O paciente autoadministra Spravato nasal, sob a supervisão e orientação de um profissional de saúde em um consultório médico ou clínica, e o spray não pode ser levado para casa. Durante e após cada uso, o profissional de saúde examinará o paciente e determinará quando o paciente está pronto para sair.

Quais as evidêncais científicas a respeito do Spravato?

A eficácia do Spravato foi avaliada em três ensaios clínicos de curta duração (quatro semanas) e um ensaio de manutenção do efeito a longo prazo. Nos três estudos de curto prazo, os pacientes foram randomizados para receber Spravato ou um spray nasal com placebo.

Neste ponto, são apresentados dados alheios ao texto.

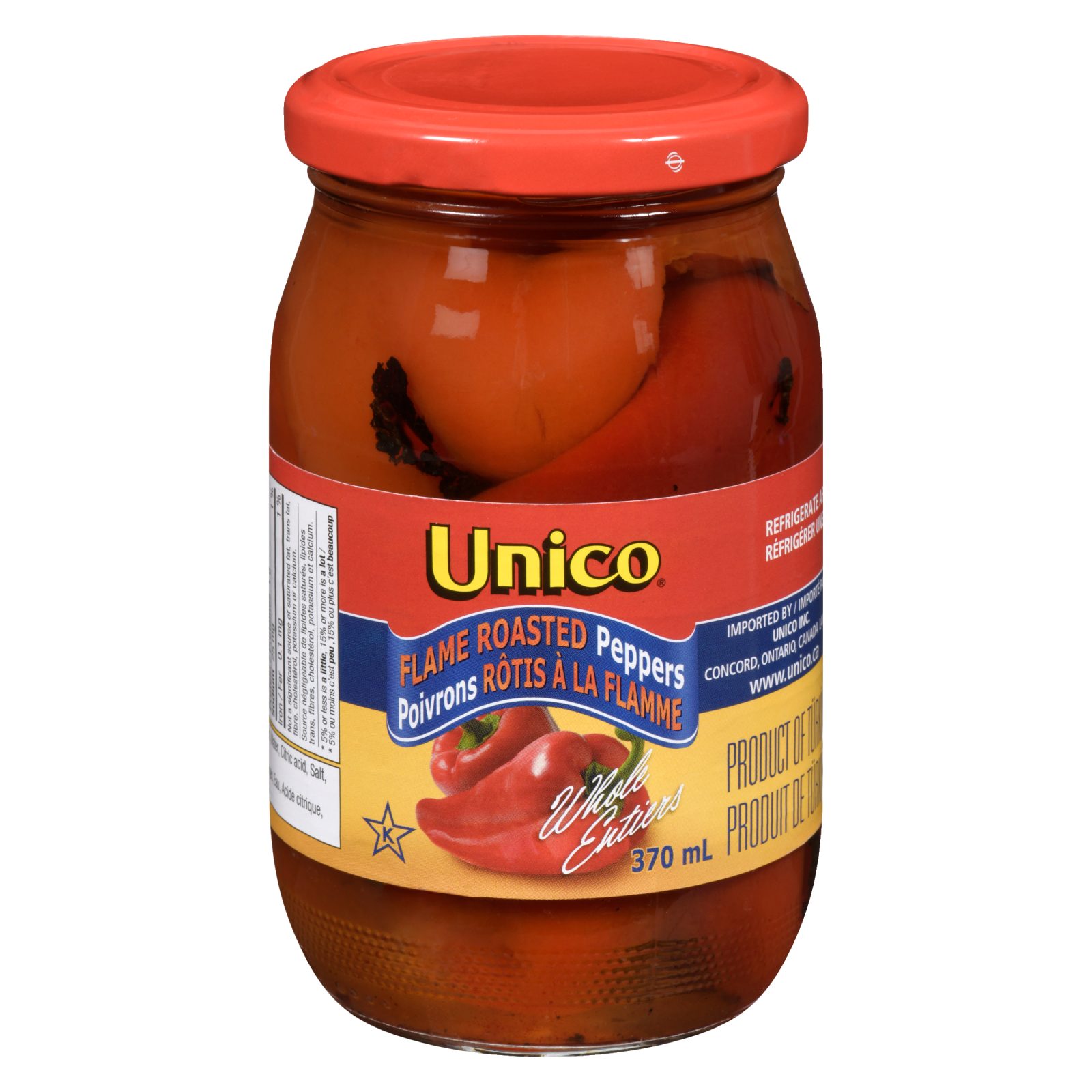 Unico Roasted Sweet Peppers — Whole — product photo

Tendo em vista a gravidade da depressão resistente, todos os pacientes nesses estudos iniciaram um novo antidepressivo oral no momento da randomização, que continuou durante os testes. A principal medida de eficácia foi a mudança da linha de base em uma escala usada para avaliar a gravidade dos sintomas depressivos.

Nos resultados de um estudos de curto prazo, o spray nasal Spravato demonstrou um efeito estatisticamente significativo em comparação com o placebo na gravidade da depressão, e algum efeito foi observado em dois dias. Os outros dois testes de curto prazo não atenderam aos testes estatísticos pré-especificados para demonstrar a eficácia.

No teste de manutenção do efeito a longo prazo, os pacientes em remissão estável ou com resposta estável que continuaram o tratamento com Spravato e um antidepressivo oral apresentaram um tempo estatisticamente mais longo para recidiva dos sintomas depressivos do que os pacientes com spray nasal placebo mais um antidepressivo oral.